• **Problem description**:
Restate exactly, and only, the lines from the one with "KLAMRA FRANCUSKA DO" through the end of the data, with both of those end lines kept. Drop any pictures.

(Web page caption snippets)
= = = =

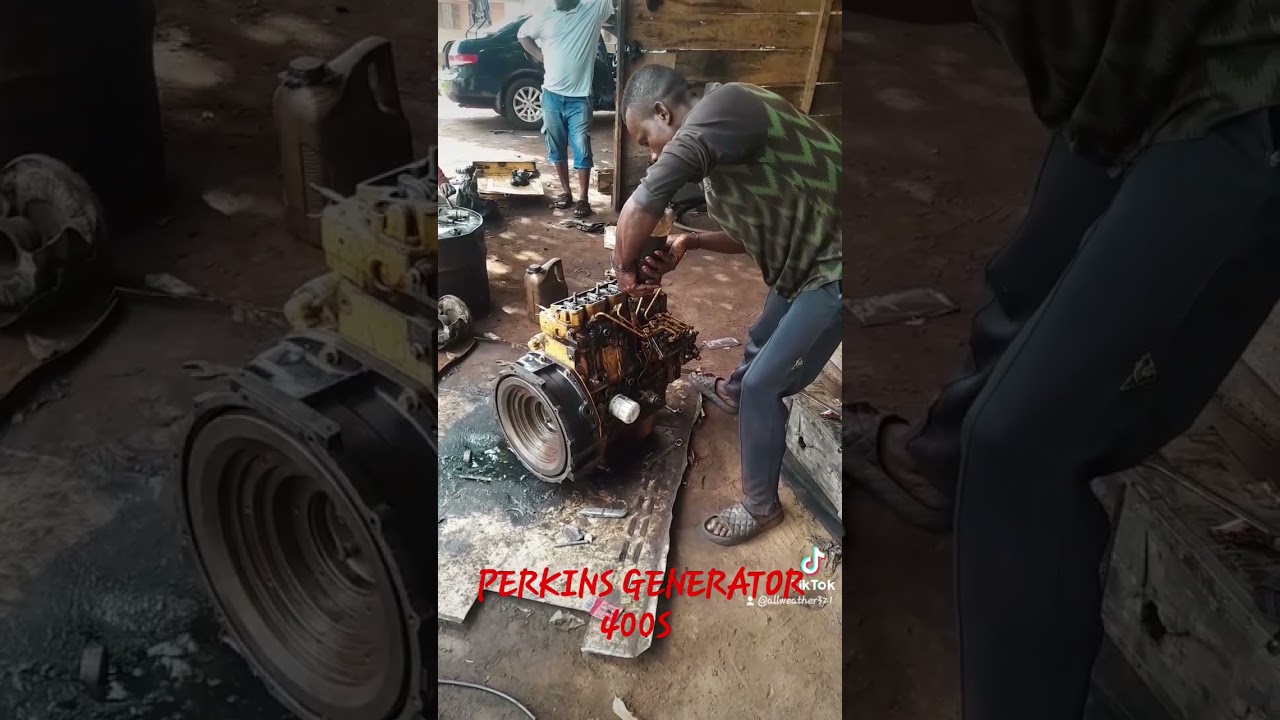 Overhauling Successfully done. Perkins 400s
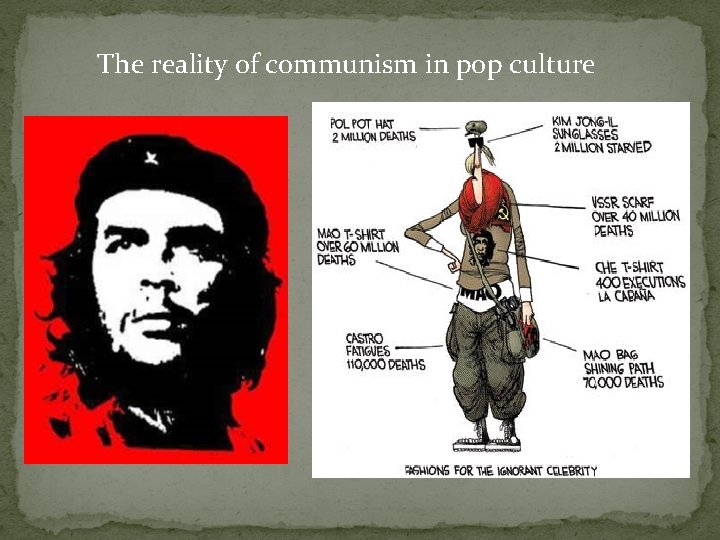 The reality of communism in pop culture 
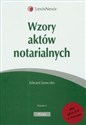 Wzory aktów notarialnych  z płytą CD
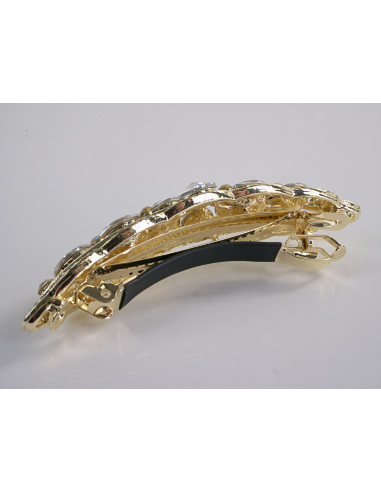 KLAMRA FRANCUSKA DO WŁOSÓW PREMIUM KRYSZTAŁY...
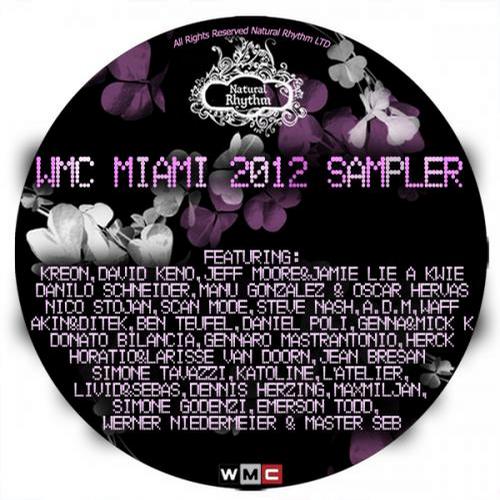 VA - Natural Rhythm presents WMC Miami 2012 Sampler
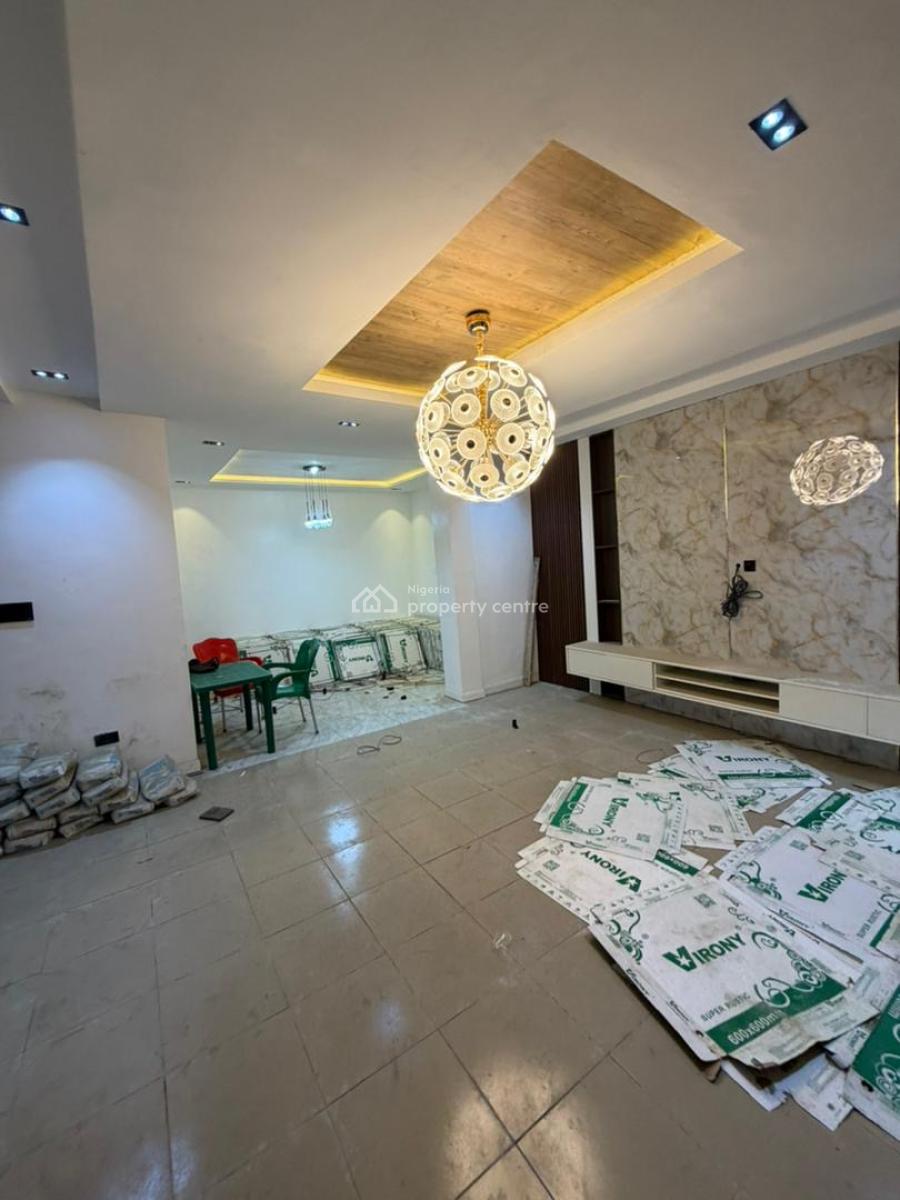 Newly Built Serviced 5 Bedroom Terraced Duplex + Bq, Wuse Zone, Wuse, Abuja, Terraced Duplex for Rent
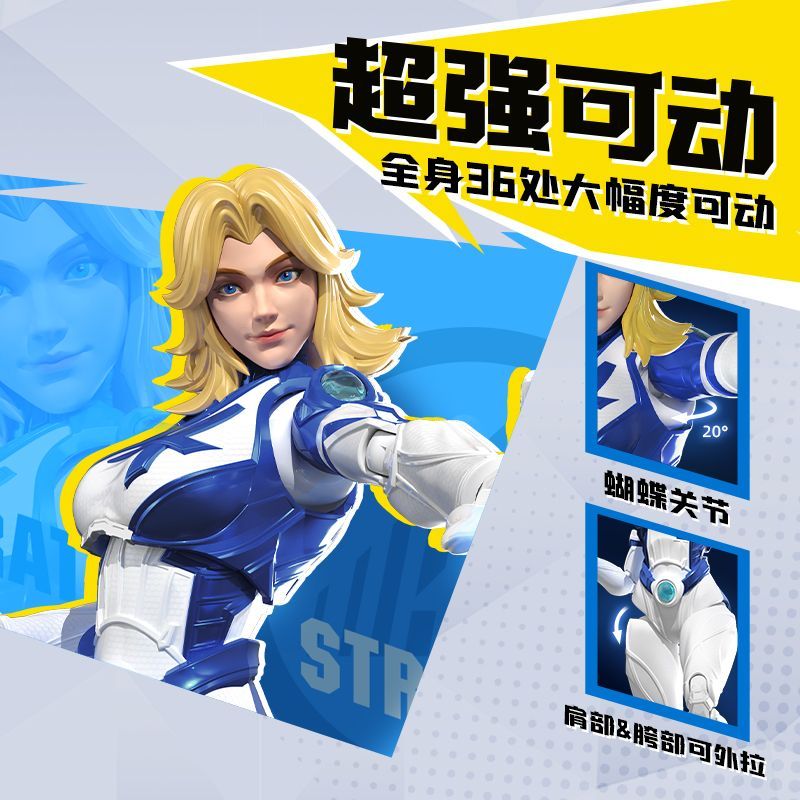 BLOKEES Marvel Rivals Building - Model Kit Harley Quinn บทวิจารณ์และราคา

= = = =

• **Task result**:
 KLAMRA FRANCUSKA DO WŁOSÓW PREMIUM KRYSZTAŁY...
 VA - Natural Rhythm presents WMC Miami 2012 Sampler
 Newly Built Serviced 5 Bedroom Terraced Duplex + Bq, Wuse Zone, Wuse, Abuja, Terraced Duplex for Rent
 BLOKEES Marvel Rivals Building - Model Kit Harley Quinn บทวิจารณ์และราคา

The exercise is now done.